Over 70 years, Colin O'Brien has recorded change and continuity in the lives of Londoners, creating a social record of breathtaking expanse.

Born in a Victorian tenement in ­Clerkenwell in 1940, when the area was known as “Little Italy” in recognition of the main immigrant community, Colin O’Brien began to take photographs of his family, friends and immediate environment with a box camera at the age of eight. Displaying extraordinary maturity, some of these pictures are reminiscent of Bert Hardy’s photographs of children playing in the street – except that Colin was one of the kids and he was photographing his peers (above).

Intimate images of his mother in the scullery, his father eating breakfast before going to work at the nearby Mount Pleasant sorting office and a neighbour sharing out the shepherd’s pie among the members of her large family: these are the domestic scenes of Colin’s childhood. Drama erupted into this world in the form of multiple car crashes at the junction of Farringdon Road and Clerkenwell Road, which Colin captured from his window in beautiful compositions that prefigure both Weegee and Andy Warhol in proposing traffic accidents as legitimate subjects for photography.

In the 1960s the O’Briens were rehoused in a top-floor flat in Michael Cliffe House, a modernist council block on the eastern fringe of Clerkenwell named after the erstwhile Labour mayor of Finsbury, and the tenement dwellings of Little Italy were demolished. From here, Colin recorded the postwar rebuilding of the City of London and the construction of the Barbican. His longing for dramatic spectacle was satisfied by shots of lighting over St Paul’s Cathedral, which he took down to Fleet Street for publication in the Evening Standard the next day.

As Colin’s experience of London expanded he recorded the transition from the years of austerity to those of plenty.

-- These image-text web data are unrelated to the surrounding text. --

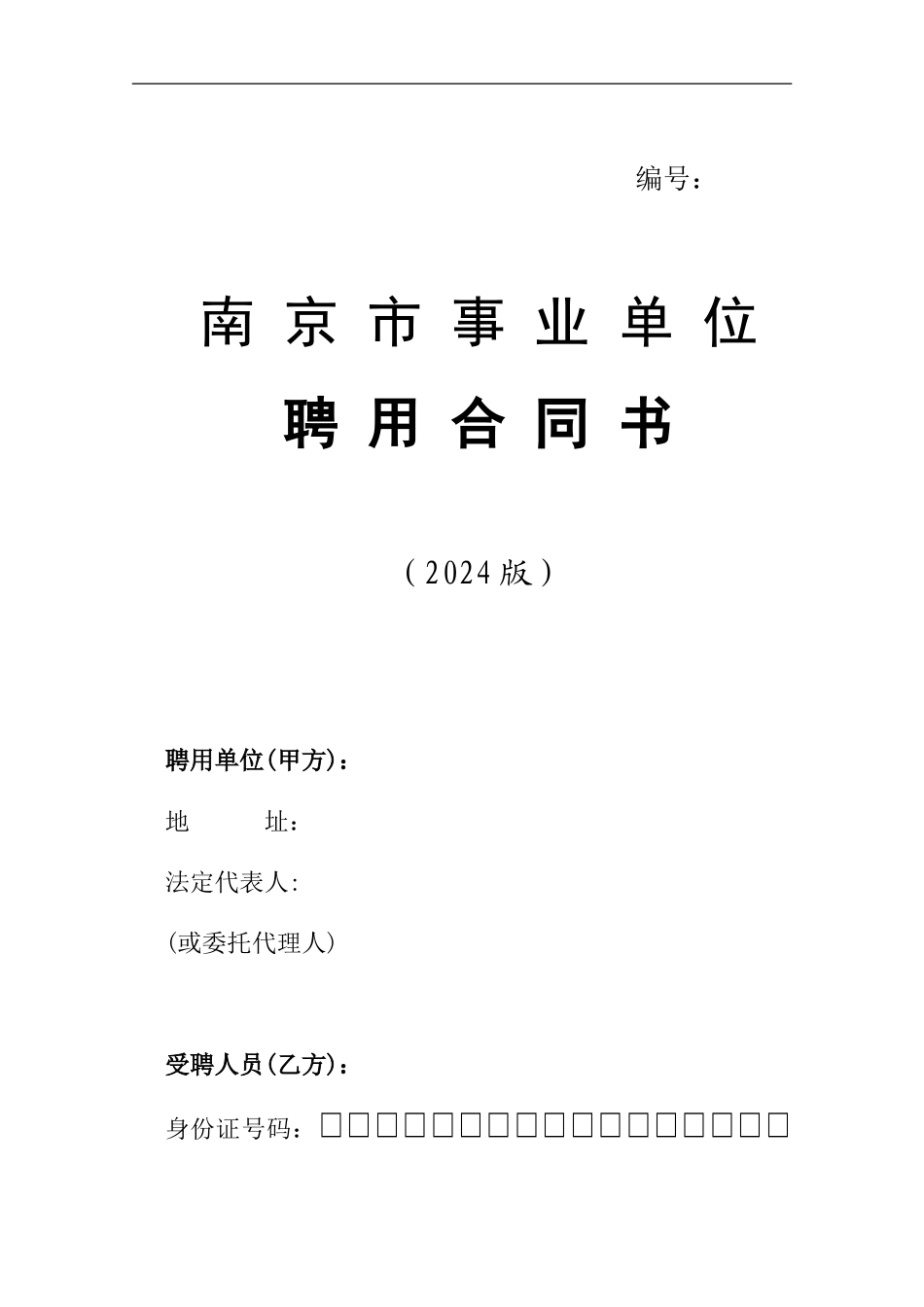 南京市事业单位聘用合同书_第1页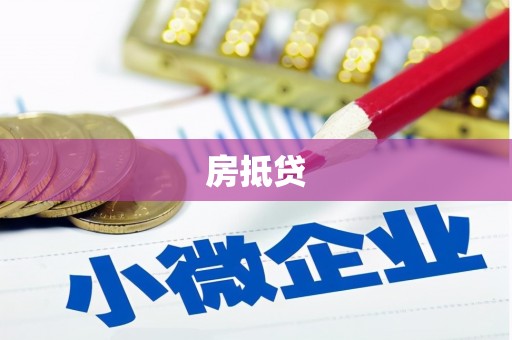 江川房抵贷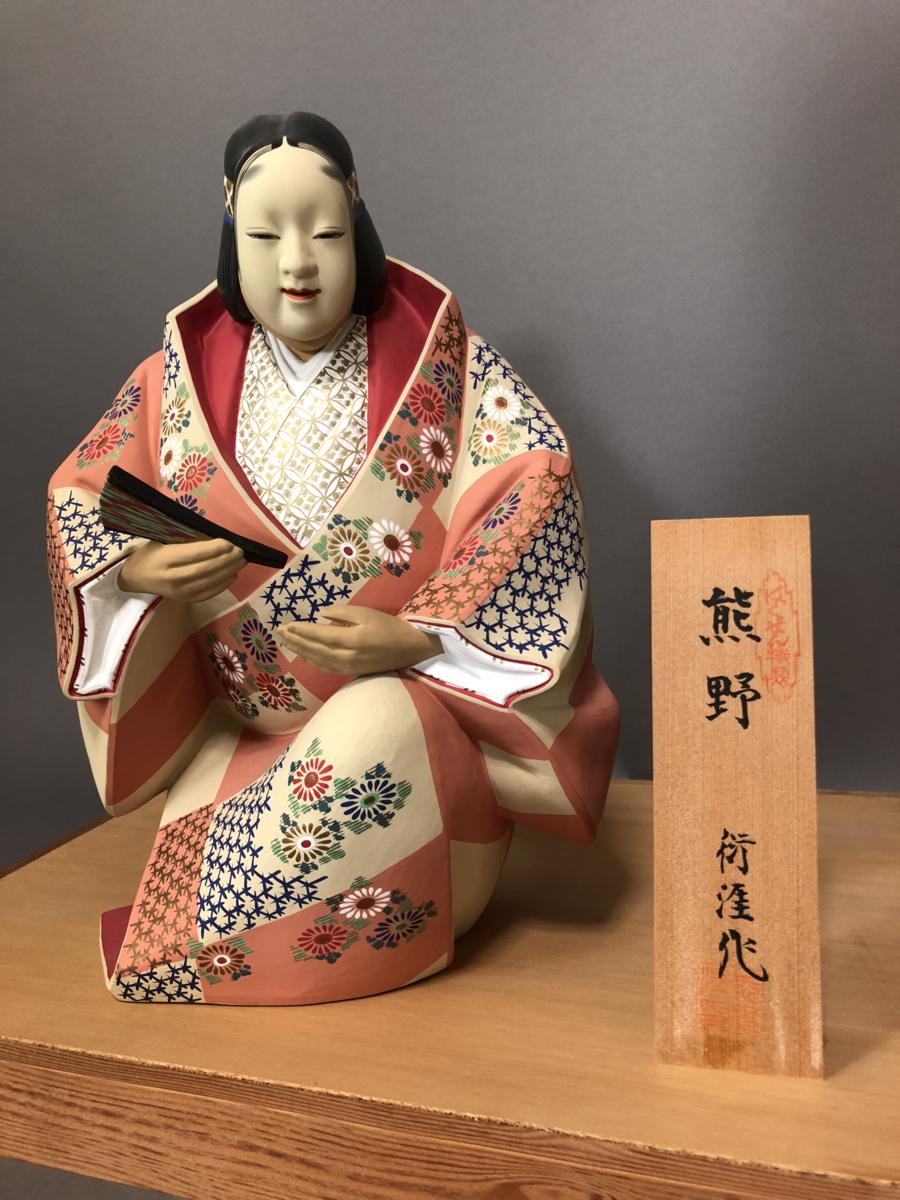 博多人形 はくせん ,龍柄着物を着た博多人形です | OSPD.CA.GOV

At first, he took affectionate pictures of his mother trying on hats she couldn’t afford in Oxford Street; later he captured enthusiastic customers at the Woolworths pic’n’mix counter in Exmouth Market at the end of sweet rationing. A chance encounter with the playwright Bill Naughton led him to take the photograph for the dust jacket of Alfie, and Naughton subsidised Colin to set up his first photography studio. By now, Colin was recording new waves of immigration, taking glamorous street portraits of black girls posing for his lens and, in later years, Asian children enacting a Nativity procession in Brick Lane. Through redevelopment in the 1980s, the flash of the 1990s and the increasing dominance of corporate culture in the 21st century, Colin kept snapping.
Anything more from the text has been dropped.